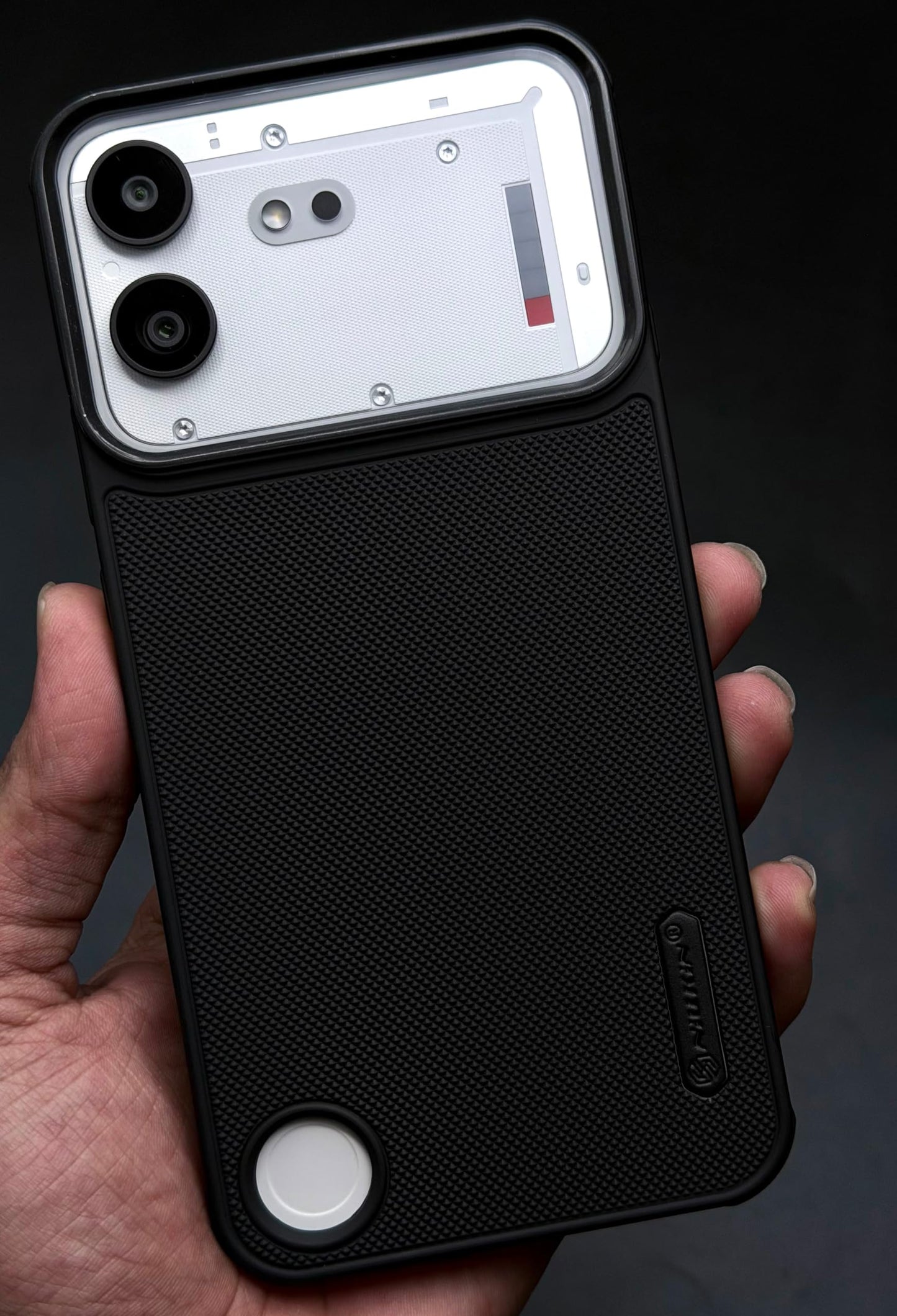 NIUKIN Super Frosted Dotted Case with Camera Ring for Nothing Phone 4(b)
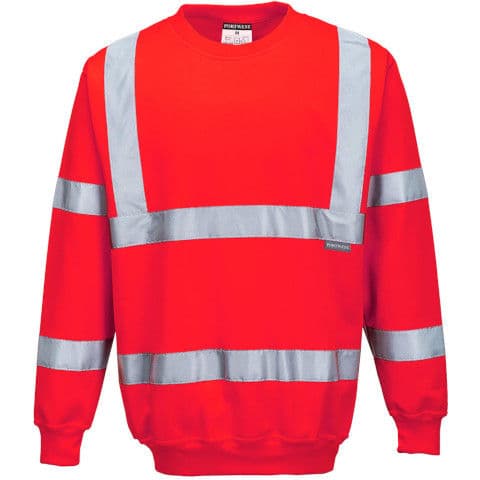 Portwest Hi-Vis Sweatshirt — Red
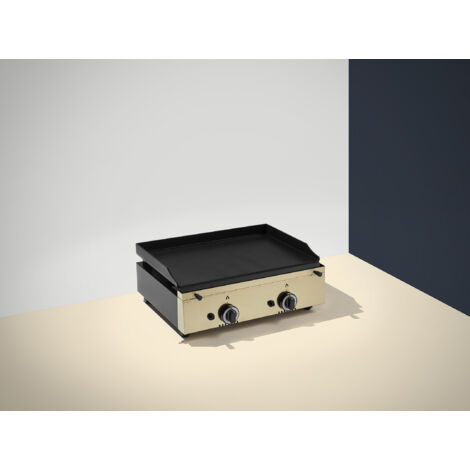 Plancha gaz  - Plaque Lisse 14 mm - 600 x 455 x 230 mm - Pinha2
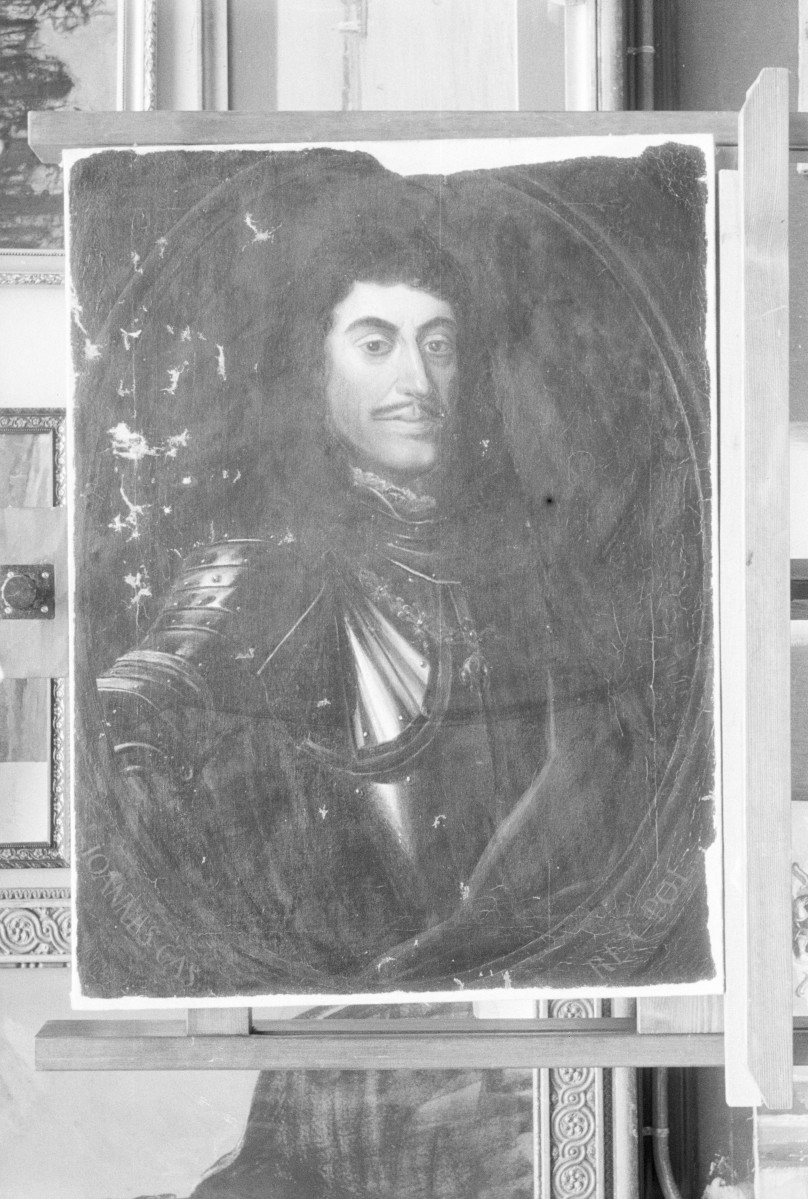 Muzeum Narodowe w Poznaniu, autor nieznany "Portret Jana Kazimierza", 590x790 mm, skan 1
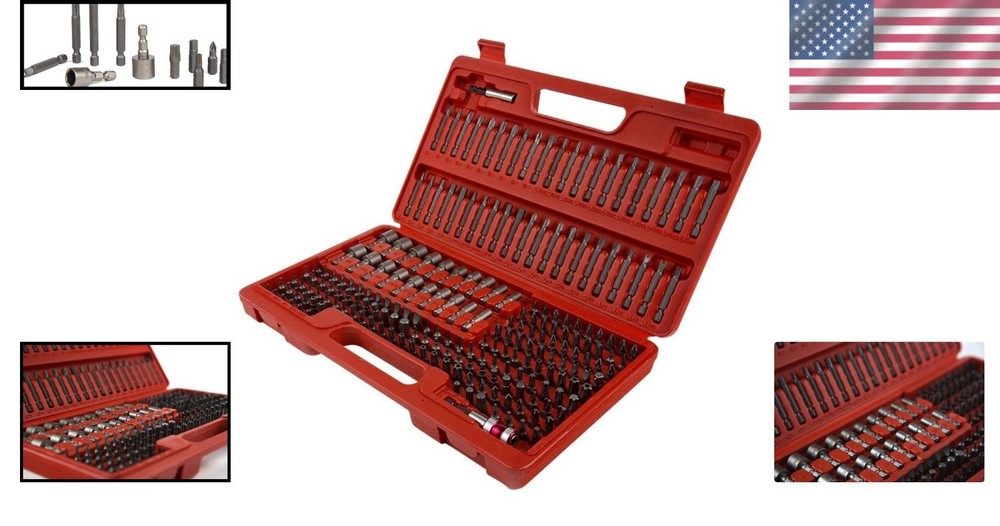 208-Pc Bit Set with Storage Case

──────────

WORK TO COMPLETE
If a picture falls within the span, leave it out, and reproduce exactly the lines from the one containing "Portwest Hi-Vis Sweatshirt — Red" through the end of the material, and no others.

YOUR SOLUTION
 Portwest Hi-Vis Sweatshirt — Red
 Plancha gaz  - Plaque Lisse 14 mm - 600 x 455 x 230 mm - Pinha2
 Muzeum Narodowe w Poznaniu, autor nieznany "Portret Jana Kazimierza", 590x790 mm, skan 1
 208-Pc Bit Set with Storage Case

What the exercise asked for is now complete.